Front Row got a chance to ask George some questions about the documentary that centers on Johnson, now an ESPN NBA analyst.
FR: Magic’s announcement in 1991 was one of those moments that seems to live in everyone’s memory. Do you remember where you were when Magic made the announcement at the Forum?
NG: The day of Magic’s press conference, I was at the offices of the alternative weekly, The Village Voice, where I was a columnist. It was held in the afternoon New York time so I was one of many assigned to write a piece on the impact. I was a Knicks’ season ticket holder, so that night I went to Madison Square Garden to see the Knicks play the Orlando Magic. Until I started working on this doc, I had no idea who won the game (turns out NY blew them out.) What I do remember is coach Pat Riley speaking to the fans before the game and leading both teams in prayer.
FR: So many people who were close to Magic are interviewed for The Announcement. What was it like interviewing those involved such as [Johnson's wife] Cookie Johnson and Chris Rock?
NG: For most of the folks we interviewed, it was a very emotional journey, a trip down a very trying memory lane. Chris Rock is a good friend and one of the smartest people I know. He was also at the Garden at the Knicks game the night of the announcement so I wanted him in it. Cookie Johnson was probably the most interesting interview because she has done few on-camera interviews about that time and she was very honest and poised.

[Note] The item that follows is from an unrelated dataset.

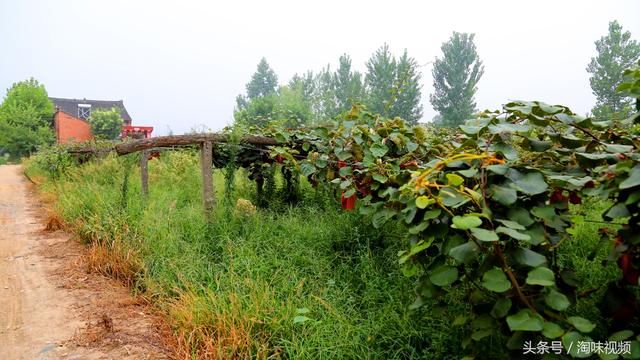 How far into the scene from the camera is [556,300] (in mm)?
1119

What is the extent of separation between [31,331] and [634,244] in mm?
2904

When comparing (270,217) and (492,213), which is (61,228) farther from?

FR: The Announcement isn’t your first time dealing with HIV/AIDS as a subject matter for a film. You also wrote and directed the critically-acclaimed film Life Support. How has HIV affected your own personal life and why was that film so important to you?
NG: My sister Andrea Williams found out she was HIV positive in 1993, two years after Magic, which was a profound moment for our family. But, like Magic, Andrea had a strong will and was fortunate to be around when the AIDS cocktails were developed which gave a new lease on life to Magic, Andrea [who appears in The Announcement] and millions of others. In 2007, I directed Life Support, a film for HBO based on my sister’s life that starred Queen Latifah. So my personal and creative life are now profoundly tied to HIV. I’m proud to have worked on two high profile projects that have given a human face to this struggle.
FR: What do you hope that viewers take away from The Announcement?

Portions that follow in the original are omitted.